# VaSE: Value-Aware Stochastic KV Cache Eviction Strategy for Reasoning Models

> VaSE increases cache diversity by protecting large-value states and introducing randomness. Under 4x KV cache compression, the reasoning model achieves an average accuracy across six reasoning tasks that surpasses SOTA selection methods, outperforming the strongest eviction method by over 4%.

- 板块: [Openclaw Llm](https://www.zingnex.cn/en/forum/board/openclaw-llm)
- 发布时间: 2026-06-02T17:16:33.000Z
- 最近活动: 2026-06-03T05:23:00.400Z
- 热度: 125.9
- 关键词: KV缓存, 推理模型, 缓存驱逐, 内存优化, Qwen3, 稀疏注意力
- 页面链接: https://www.zingnex.cn/en/forum/thread/vase-kv
- Canonical: https://www.zingnex.cn/forum/thread/vase-kv
- Markdown 来源: floors_fallback

---

## [Introduction] VaSE: Value-Aware Stochastic KV Cache Eviction Strategy Boosts Reasoning Model Performance

VaSE addresses the KV cache memory bottleneck caused by long-sequence outputs of reasoning models by proposing a value-aware stochastic KV cache eviction strategy. This strategy maintains reasoning coherence by protecting large-value states and increases cache diversity by introducing randomness.
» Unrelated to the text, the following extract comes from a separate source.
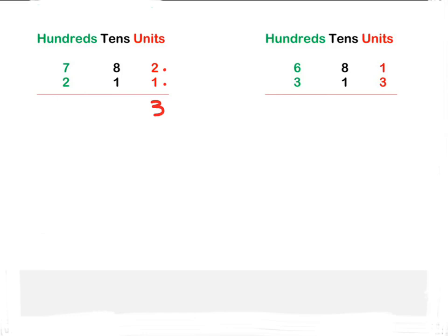The tens column has got an eight and a one, so eight plus one is nine. And then the very last column we're going to add is the hundreds column: seven plus two is nine. Okay, let's look at the next sum.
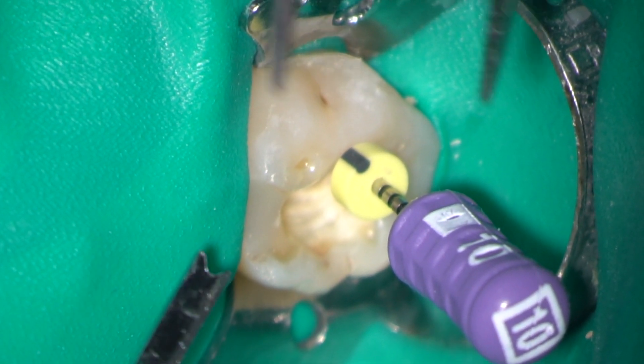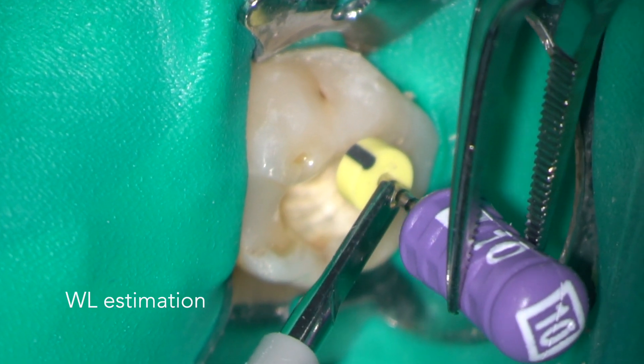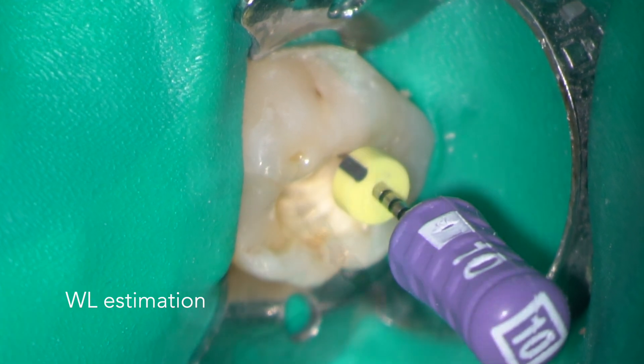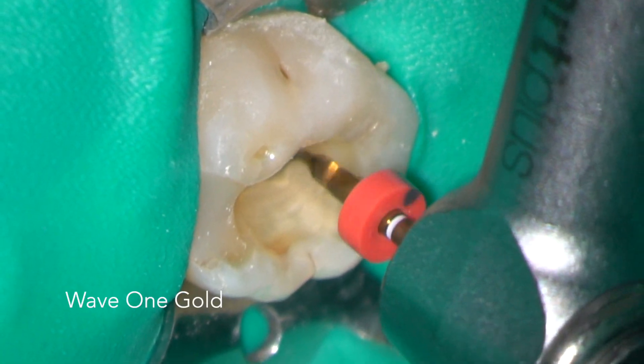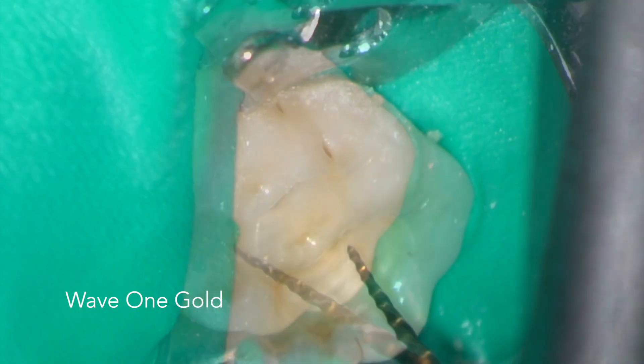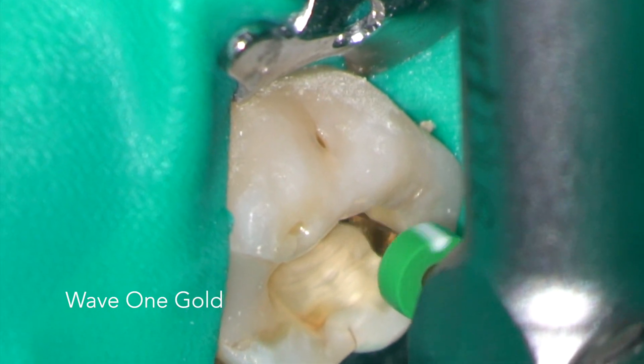The working lengths were all estimated using an electronic apex locator. The canals were then rapidly tapered using Wave One Gold instruments: primary, medium and large.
Under 4x KV cache compression, the reasoning model's average accuracy across six reasoning tasks surpasses SOTA selection methods, outperforming the strongest eviction method by over 4%, and it can be deployed without training.

## KV Cache Memory Challenges for Reasoning Models

Reasoning models improve accuracy through chain-of-thought, but long outputs lead to huge KV cache memory usage. Existing KV cache eviction methods reduce costs, but their performance is usually inferior to sparse attention schemes that retain full cache. How to compress KV cache while maintaining model performance is a key challenge currently.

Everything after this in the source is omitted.